The results from the first abdominal scans I had were unusual and shocked the Emergency Room doctors, but a lack of expertise meant I had to receive treatment elsewhere. However, once they admitted me to the second hospital the attending doctors seemed to be on a mission to contain my illness to a textbook diagnosis that was more common, predictable, and manageable, which over time proved to be wrong. The diagnosis wasn’t right, yet this doctor continued to work from her flawed viewpoint, while my health deteriorated with each passing day. Oddly, even with my physical decline and increasing pain, she was certain I wouldn’t need to rest for longer than a week after my release from the hospital before returning to work. I want her to know how wrong she was about that too because it’s been almost three years and I’m not any closer to going back to work and no one can see if or when that might be possible for me.

I also I want her to know how wrong she was for under-prescribing pain medication for my pain management and telling me that if I had a pain flare up outside her hospital clinic hours to go the Emergency Room where I could receive additional support. The Emergency Room staff and doctors at that hospital were not supportive. At best, during each of my pain-filled late night visits they thought I was there seeking more opioid-based painkillers and did the bare minimum to treat my pain. Once they read my hospital clinic chart, they didn’t order any more tests or investigate alternative diagnoses; they simply hooked me up to an IV to boost the effects of the painkillers. They then wrote more prescriptions for the same dose of those ineffective pain medications; and told me to go back to the hospital clinic to see the same doctor who was failing to manage my pain because she didn’t believe what she had incorrectly diagnosed could cause so much pain.

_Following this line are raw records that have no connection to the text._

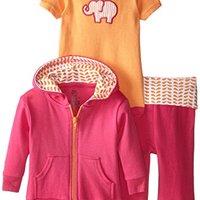Yoga Sprout 美国熊宝宝  90050 女童套装 外套+哈衣+长裤 XL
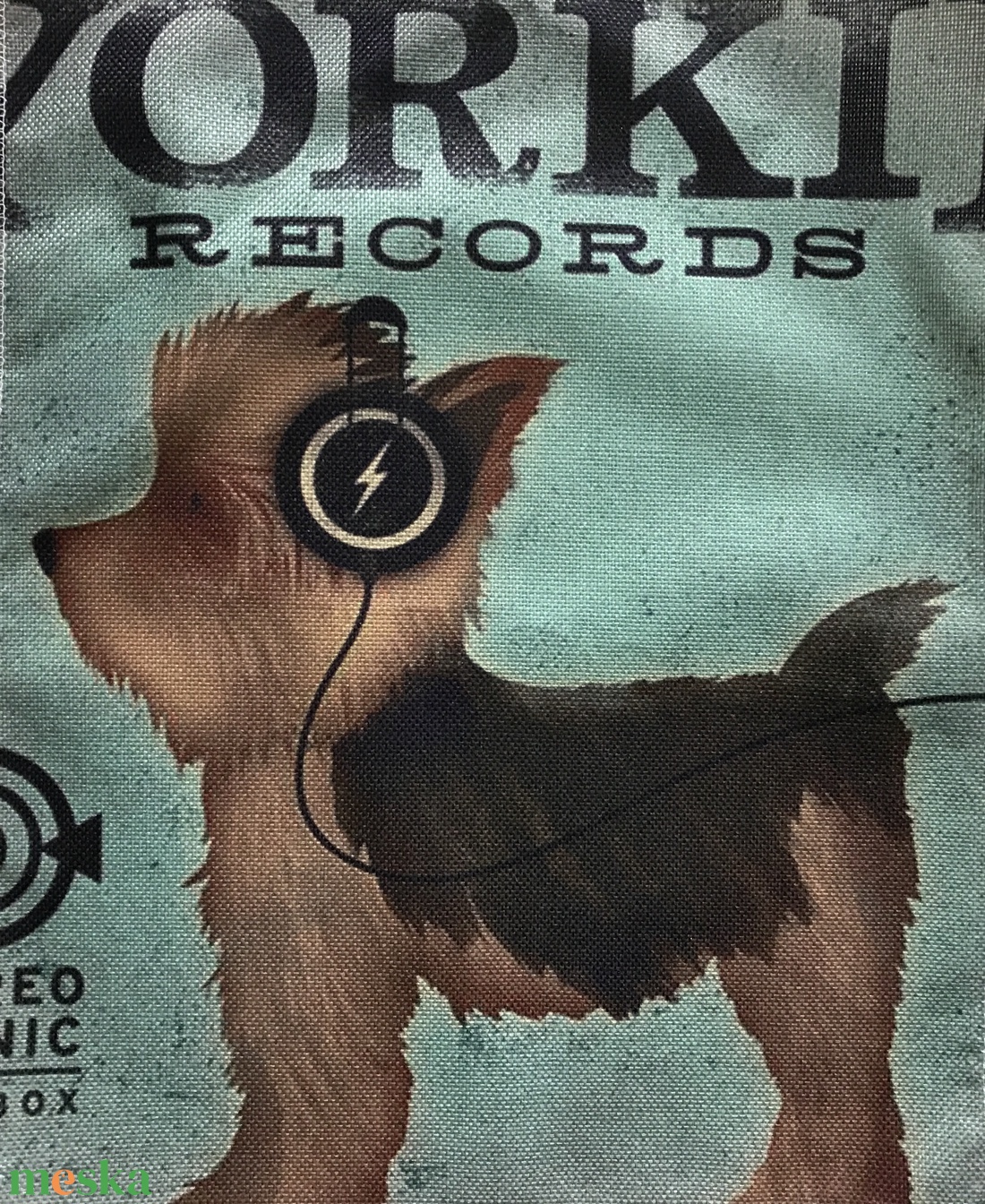 Yorki kutya mintás egyedi gymbag hátizsák - Artiroka - táska & tok - hátizsák - tornazsák, gymbag - Meska.hu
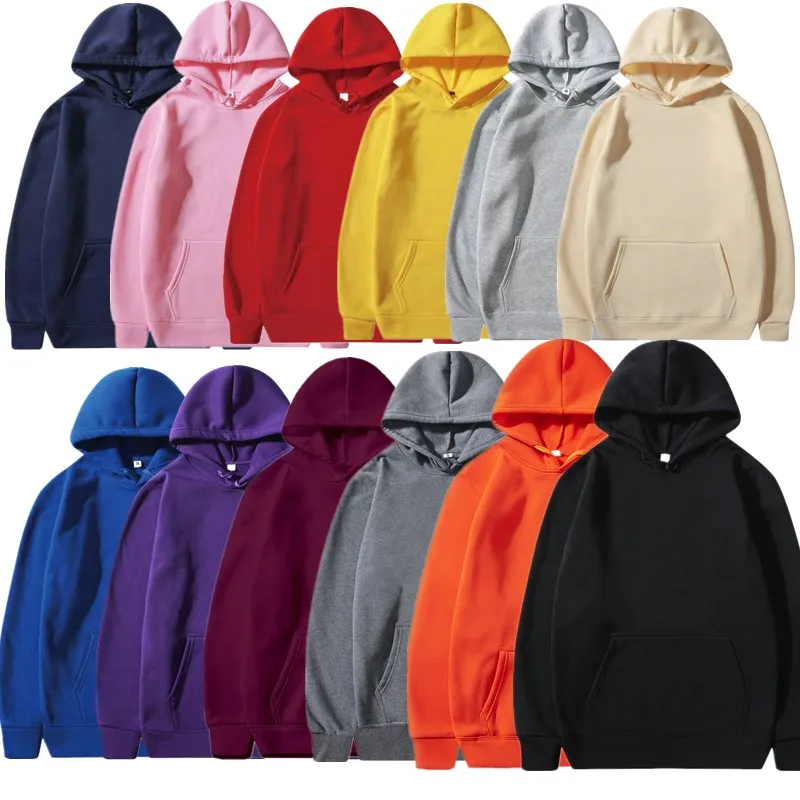 

Hoodies Sweatshirts Brand Woman Men Hoodie 15 Color Casual Autumn Winter fleece Hip Hop Hoody Sweat Femme Tops Clothing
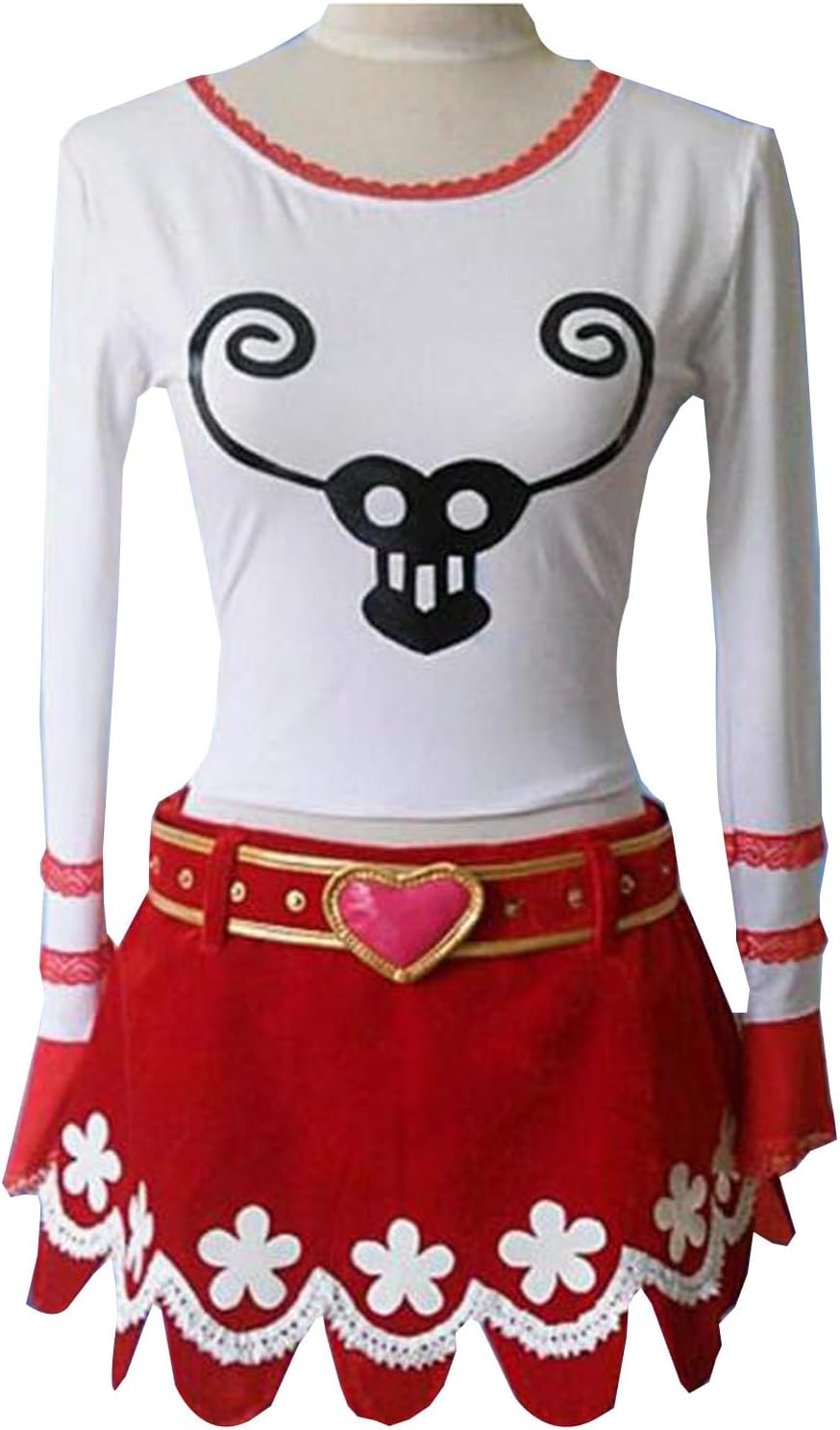 Anime Womens Cosplay Costume Cloak Halloween Outfit Party Princess Red Dress Uniform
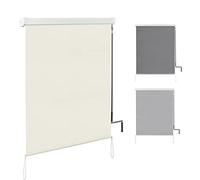 WOLTU Tenda da Sole Verticale Tenda a Rullo per Esterno Tenda da Sole a Caduta con Manovella Tenda per Balcone Avvolgibile Oscurante Protezione Sole Vento per Gazebo Giardino, Beige 100x240 cm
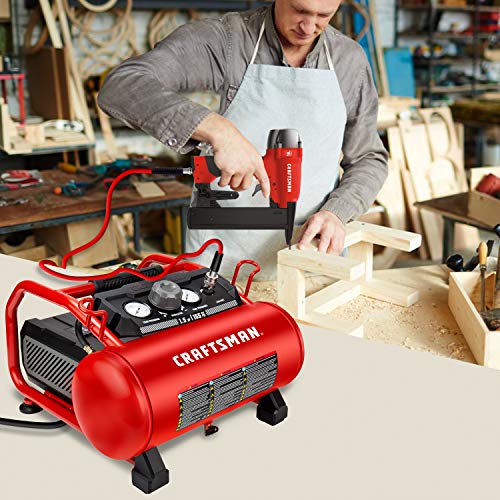 Craftsman 3 Gallon Hot Dog Air Compressor, Oil-Free 155 PSI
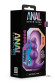 Фиолетовая анальная пробка The Supernova Plug - 7,6 см.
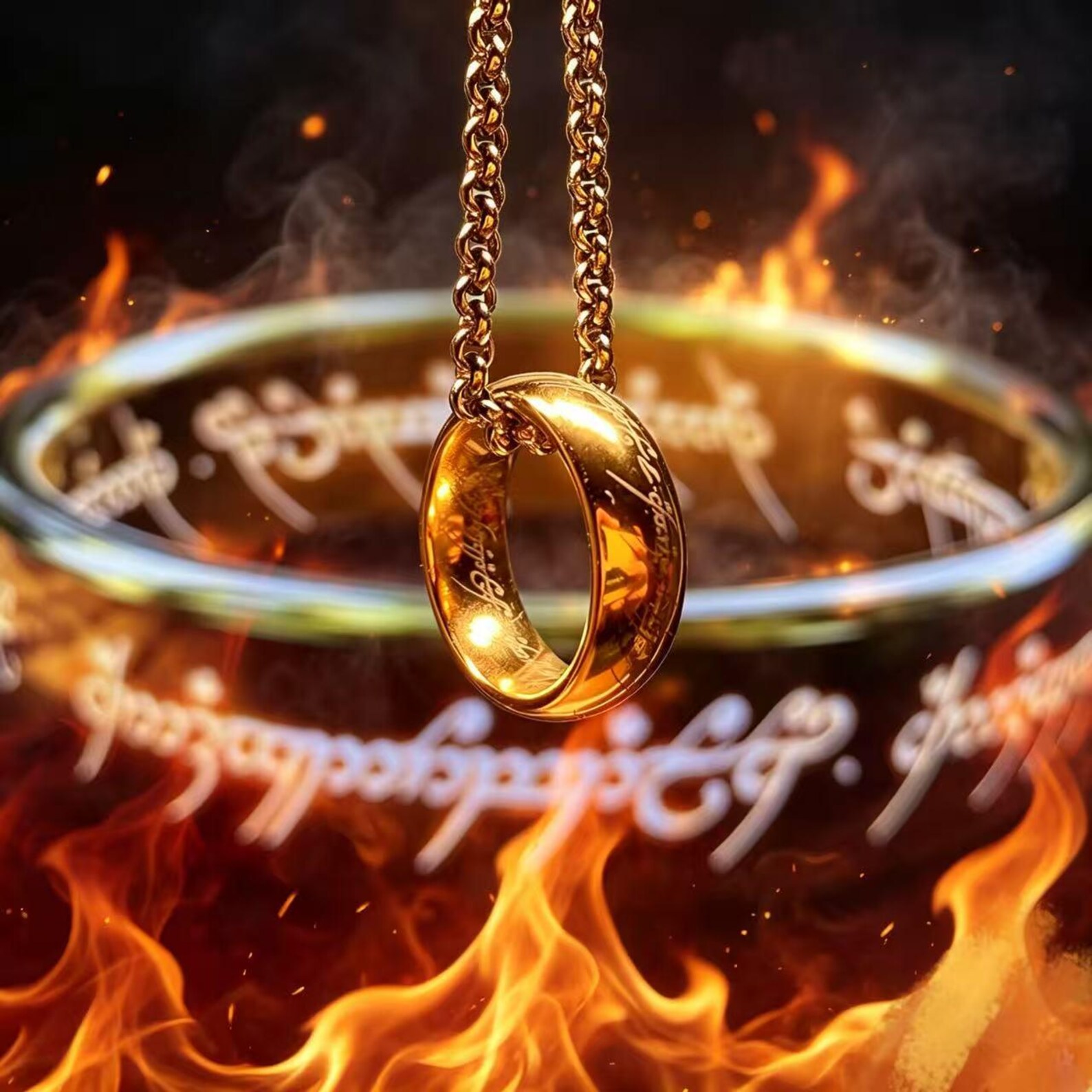 Tungsten Lord Of The Rings Ring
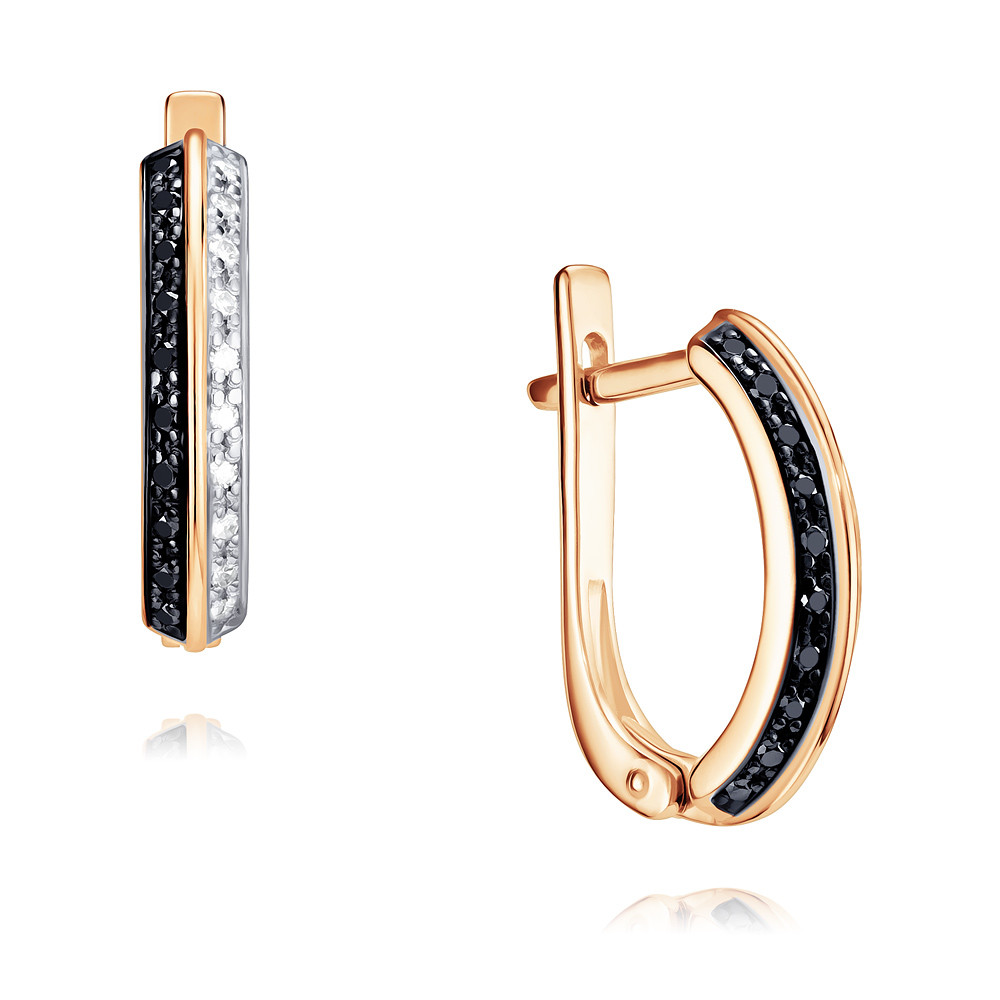 

Серьги из красного золота с бриллиантом ADAMAS 24038146/01-А50Д-421, 24038146/01-А50Д-421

Poor pain management forced my nervous system into overdrive to respond to the onslaught of pain messages from my body. Now, even with the higher doses of pain medications I take, my nervous system can’t do enough to calm my body or ease the pain.

Because of all of this, in my recurring vision , I am angry. However, the doctor is unrepentant and she falls back on the cliché that medicine isn’t an exact science. I imagine standing in front of her, while trying to ignore my intense pain; bewildered that she refuses to accept any responsibility for the errors that brought such significant changes to my life. Thankfully, my anger is broken by a moment of clarity when I realize that there is nothing for me to gain from such a meeting. Nor do I believe that someone who carries herself through the world with an air of superiority would gain from it. As this vision fades, I see the next person in a line of this doctor’s past patients waiting to tell her similar things, but I know she won’t hear them either. I walk away thankful that I found doctors who are willing to listen to me and understand that sometimes when you hear hoofbeats they are zebras.